第18問
現代の複雑な環境においては、確率的に計算しうるリスク管理を超えて、不測の事態に備える危機管理(クライシス・マネジメント)が重要になってきている。一般に危機が発生すると、まず最初に危機管理チームが編成され、危機管理センターが設置される。
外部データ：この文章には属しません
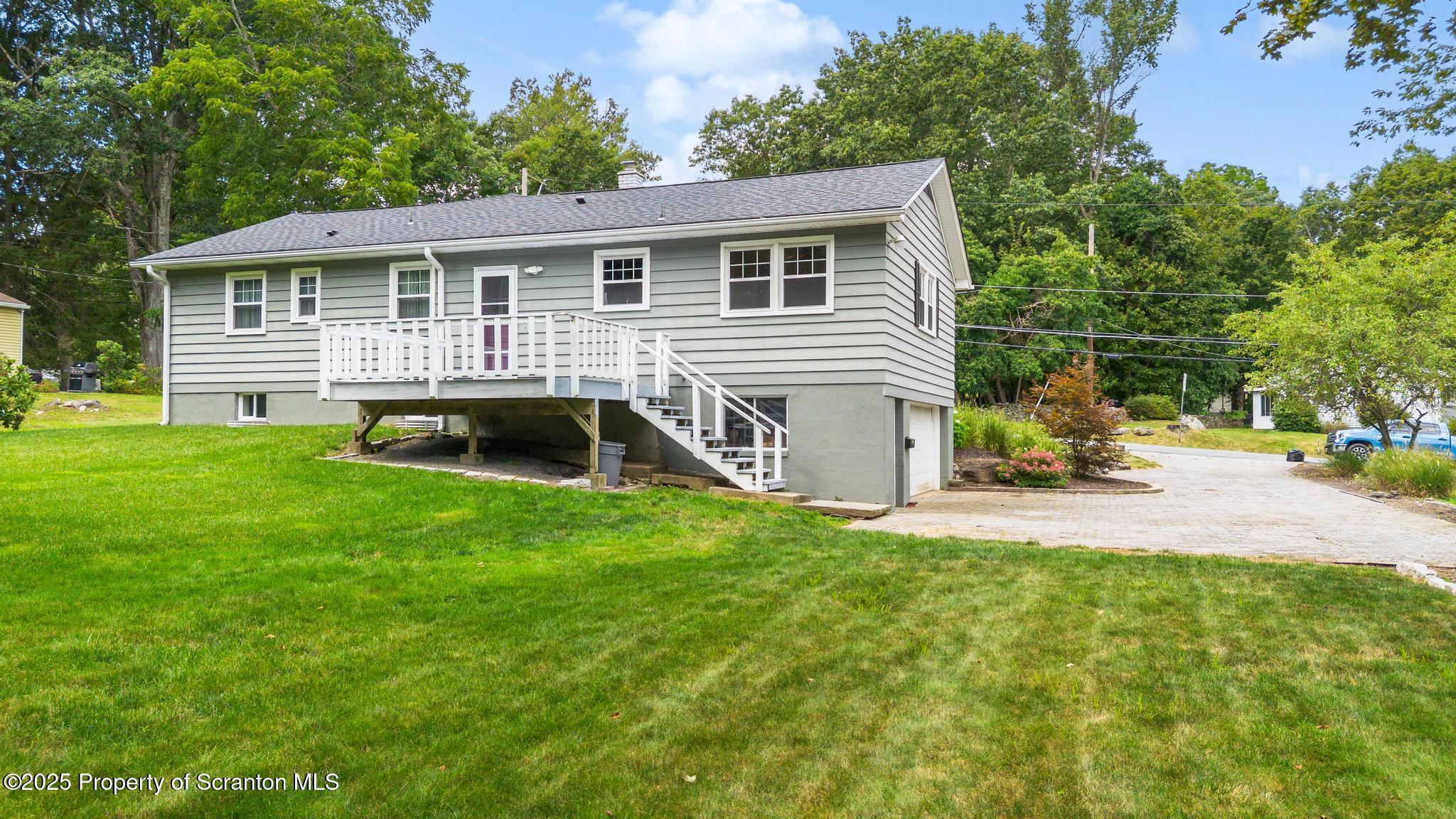 525 Knapp Road Clarks Summit, PA 18411 - Photo 39 of 45 a view of a house with a backyard and a patio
組織の危機管理に関する記述として、最も不適切なものはどれか。
ア 危機管理チームと危機が起きている現場とのコミュニケーションが確保できれば、危機管理チームは現場に対し、何を行うべきかだけでなく、いかに行うべきかについても集権的に意思決定することが望ましい。
イ 危機管理チームは、時間の切迫と過重な負荷の中で迅速に意思決定をしなければならないために、組織内の諸資源を十分な自由裁量を持って動員する権限を持つ必要がある。
ウ 危機管理チームは、問題の技術的局面を解決できる役員の他に、社長や法務担当・広報担当役員などのトップマネジメント、時には外部のコンサルタントなども含めて構成する必要がある。
エ 危機発生時には通常の情報伝達システムが破壊されている場合が多いので、常に情報伝達が途絶しないよう注意し、状況に変化があった場合はもちろん、変化がない場合にもその旨を伝える情報を提供し、従業員の心的緊張を和らげるようにすべきである。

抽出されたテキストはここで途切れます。